| Instructions for the task |
Drop every picture, then transcribe the remaining data exactly.

.....

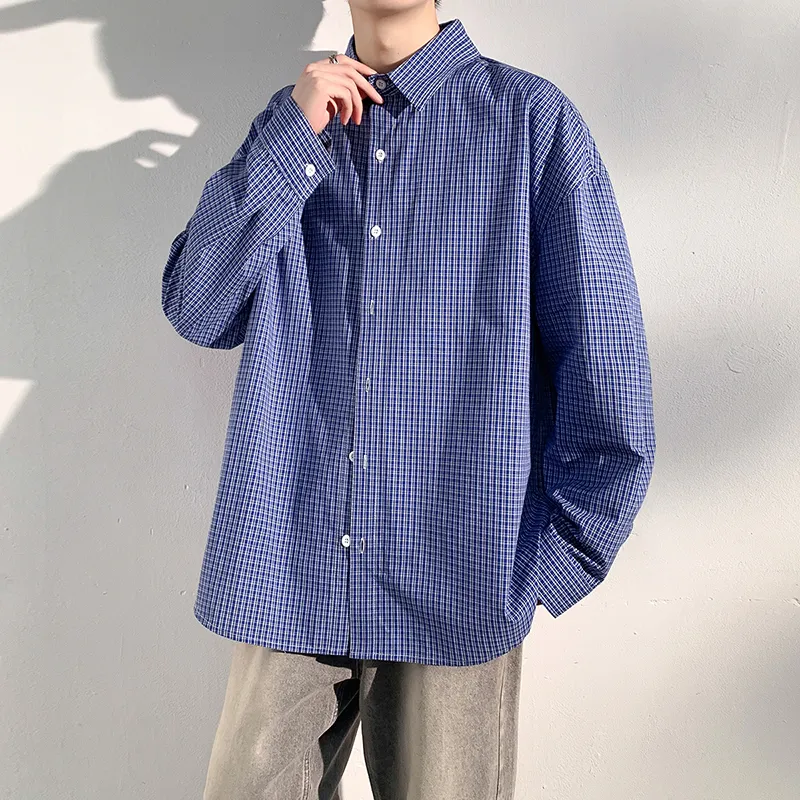 NEAR HERE Shirts Unisex-4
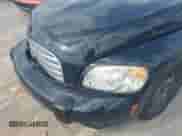 2010 Chevrolet HHR LS с VIN 3GNBAADB3AS526003, выставлен на аукционе IAAI как лот 43417252 с пробегом 174 060 миль миль и . История ставок и продаж доступна на DreamBid. Изображение 10.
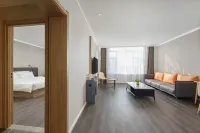 HanTing Hotel (Yingkou Dashiqiao Hada Middle Road) - 2-Star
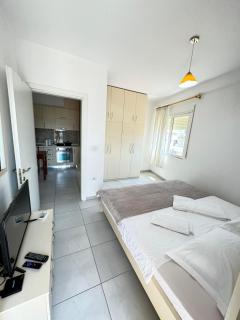 The Cozy Nest - Fully Loaded Apt - Tirana - 8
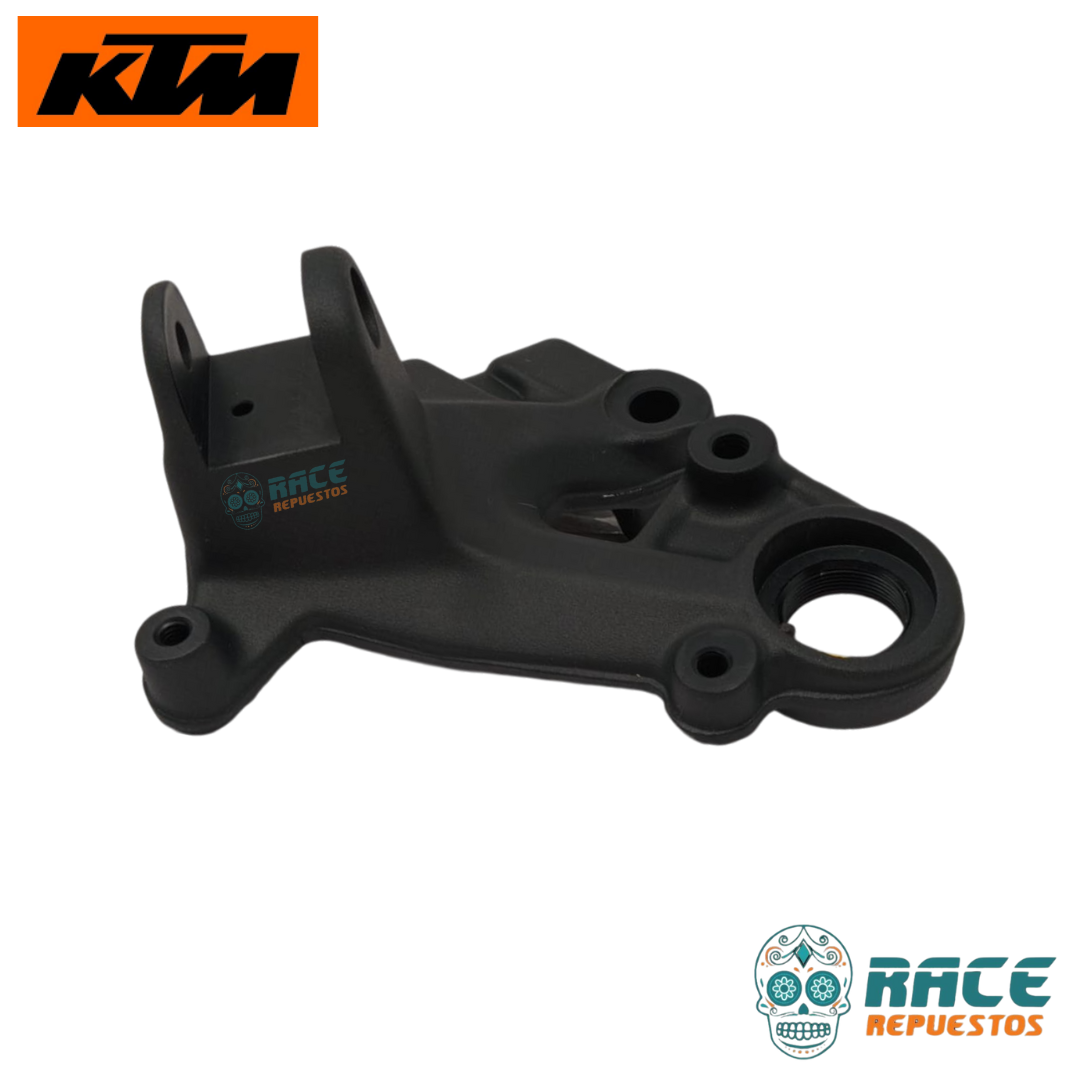 ESTRIBERA DELANTERO DERECHO KTM Adventure 390 - Image 5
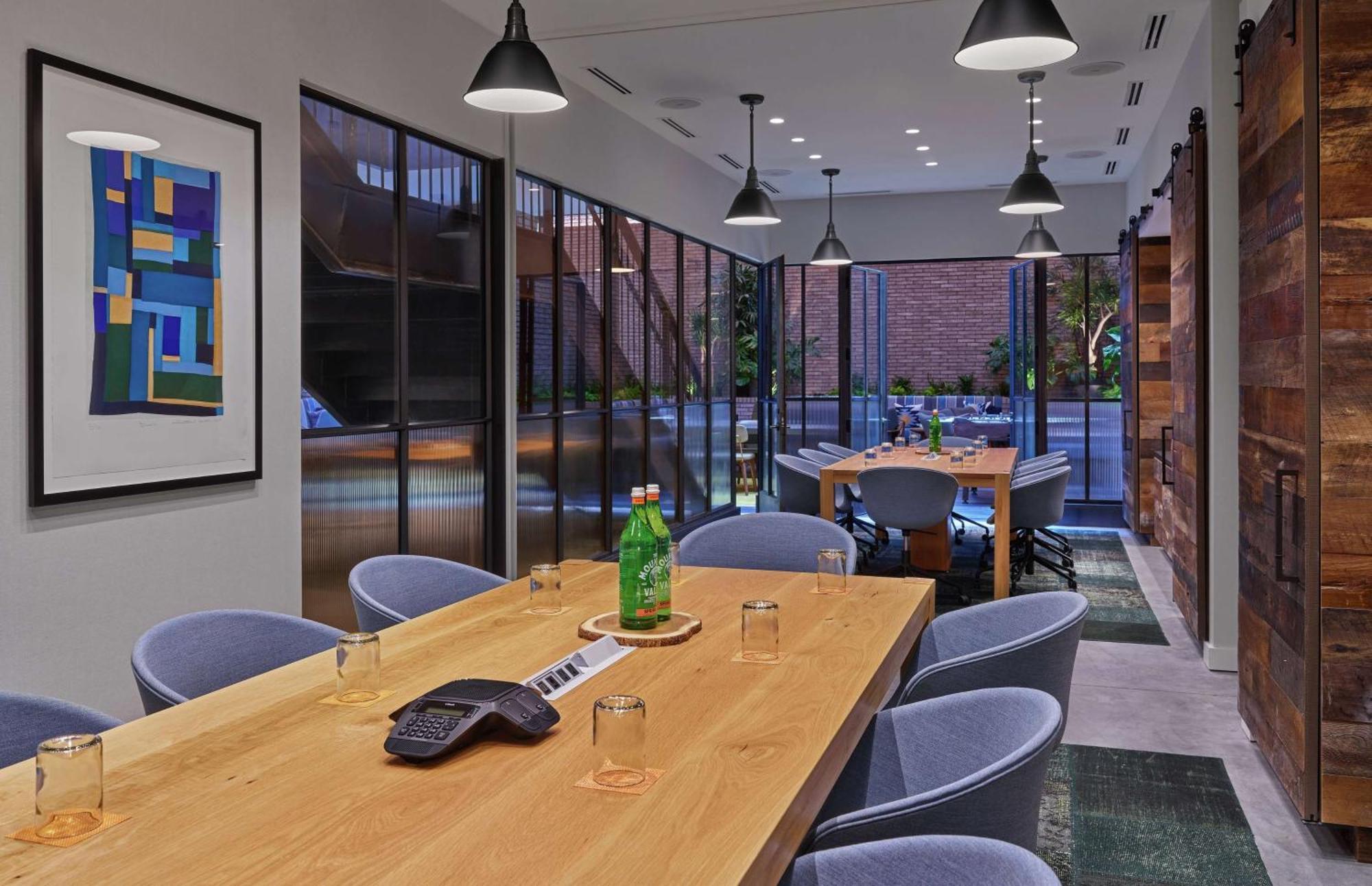 Canopy By Hilton Portland Pearl District Екстериор снимка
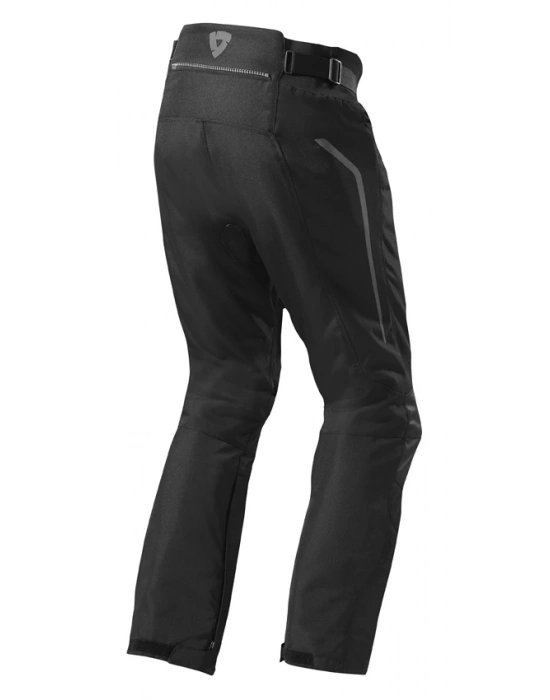 REVIT FACTOR 3 PANTOLON SİYAH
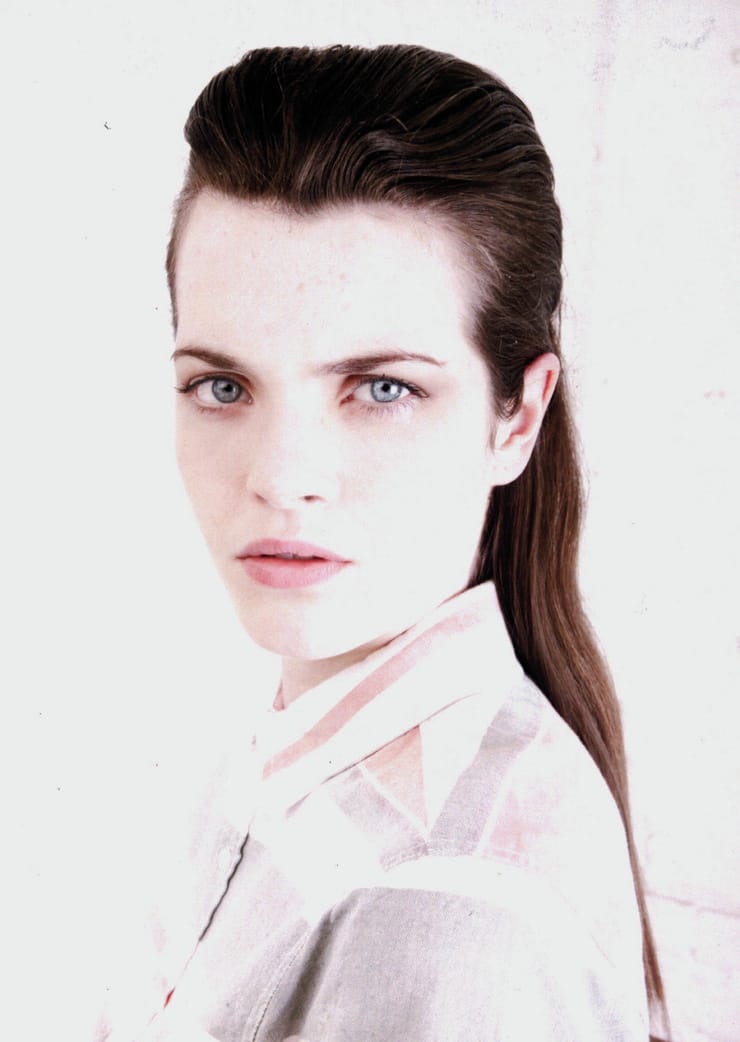 Katharine Kit Alexander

.....

| Answer below |
 NEAR HERE Shirts Unisex-4
 2010 Chevrolet HHR LS с VIN 3GNBAADB3AS526003, выставлен на аукционе IAAI как лот 43417252 с пробегом 174 060 миль миль и . История ставок и продаж доступна на DreamBid. Изображение 10.
 HanTing Hotel (Yingkou Dashiqiao Hada Middle Road) - 2-Star
 The Cozy Nest - Fully Loaded Apt - Tirana - 8
 ESTRIBERA DELANTERO DERECHO KTM Adventure 390 - Image 5
 Canopy By Hilton Portland Pearl District Екстериор снимка
 REVIT FACTOR 3 PANTOLON SİYAH
 Katharine Kit Alexander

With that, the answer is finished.